Azerbaijan on Tuesday rejected calls by Armenian officials to sign a draft peace deal being discussed between the two countries without the presence of the non-agreed provisions in the pact.
“The call of the Armenian officials to sign the draft ‘peace agreement’ with the removal of non-agreed provisions, and attempts to postpone the solution of existing problems in bilateral relations to the next stage, are unacceptable,” Azerbaijani Foreign Ministry spokesman Aykhan Hajizada said in a statement.
Describing allegations made by Armenian Prime Minister Nikol Pashinyan during a forum in the Armenian capital Yerevan earlier in the day as “pure distortion of reality,” Hajizada said Baku’s primary condition for signing the actual peace deal is the removal of territorial claims against Azerbaijan in Armenia’s Constitution.
Hajizada said attempts to draw parallels between Azerbaijan’s and Armenia’s constitutions are fruitless, adding that Yerevan’s reference to the provision that “neither party may invoke its domestic legislation for not implementing its obligations under the peace agreement” to support the idea that its Constitution is harmless is in fact “null and void.
“On the issue of opening up communications, the prime minister of Armenia once again misinterpreted the obligations they had undertaken.
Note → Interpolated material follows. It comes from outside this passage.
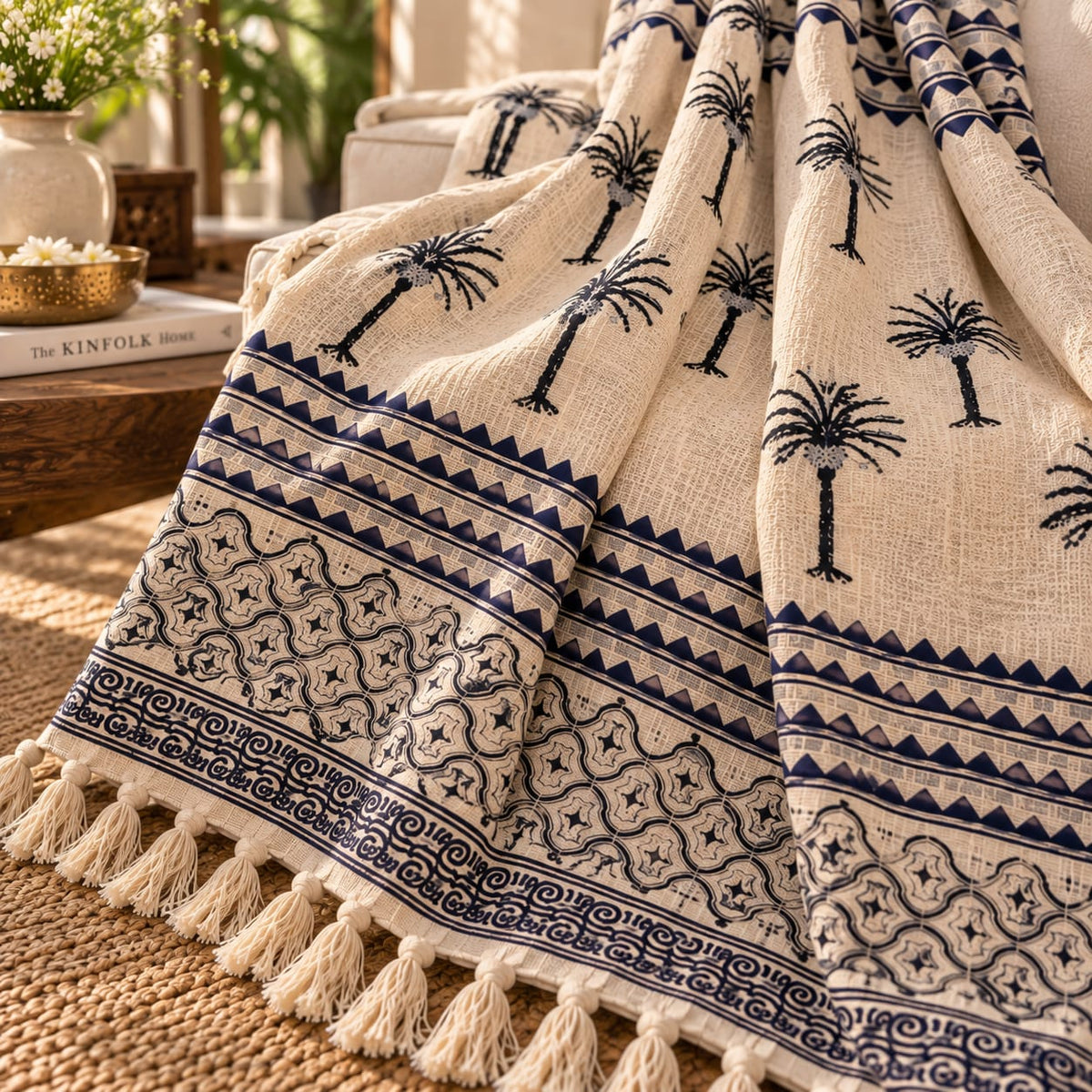 Black & Ivory Palm Tree Printed Cotton Throw | All-Season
Paragraph 9 of the trilateral statement clearly states the obligations of Armenia and how to organize control over transport links,” Hajizada added.
He went on to accuse Armenia of “distorting reality” through its claims about Baku’s alleged obstruction of the return of refugees and internally displaced persons, as well as claims on the “non-return of prisoners of war” and “ethnic cleansing of local Armenians.”
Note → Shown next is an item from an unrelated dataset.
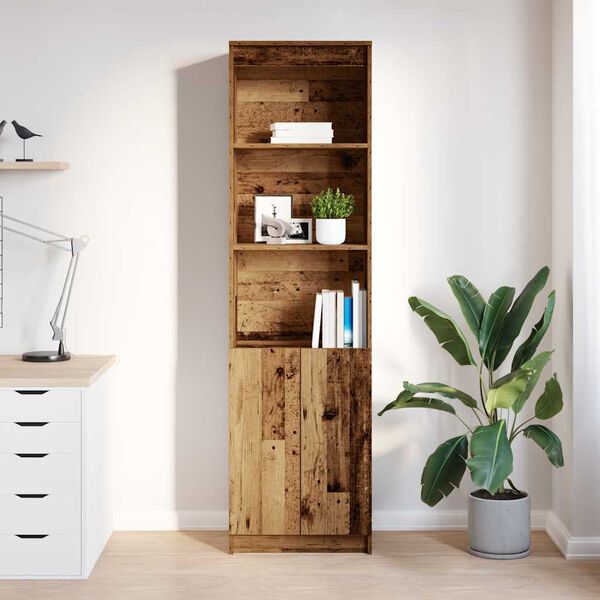 vidaXL Highboard Altholz-Optik 50x35x180 cm Holzwerkstoff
“At the same time, the presentation of migration of the Armenian-origin population to Armenia and other countries after the 2023 anti-terror measures (in liberated Karabakh) is another slander campaign,” he also said.
“We call on the Armenian side, which continues aggressive slanderous rhetoric against our country using various platforms, to stop delivering statements that harm prospects for peace,” he added.
Armenian officials have not yet commented on the statement.
History of rocky relations
Relations between Baku and Yerevan have been tense since 1991, when the Armenian military occupied Karabakh, a territory internationally recognized as part of Azerbaijan, and seven adjacent regions.
Most of the territory was liberated by Azerbaijan during a 44-day war in the fall of 2020, which ended after a Russian-brokered peace agreement that opened the door to normalization and the demarcation of their border.
In September 2023, Azerbaijan established full sovereignty in Karabakh following an “anti-terrorist operation” after which separatist forces in the region surrendered.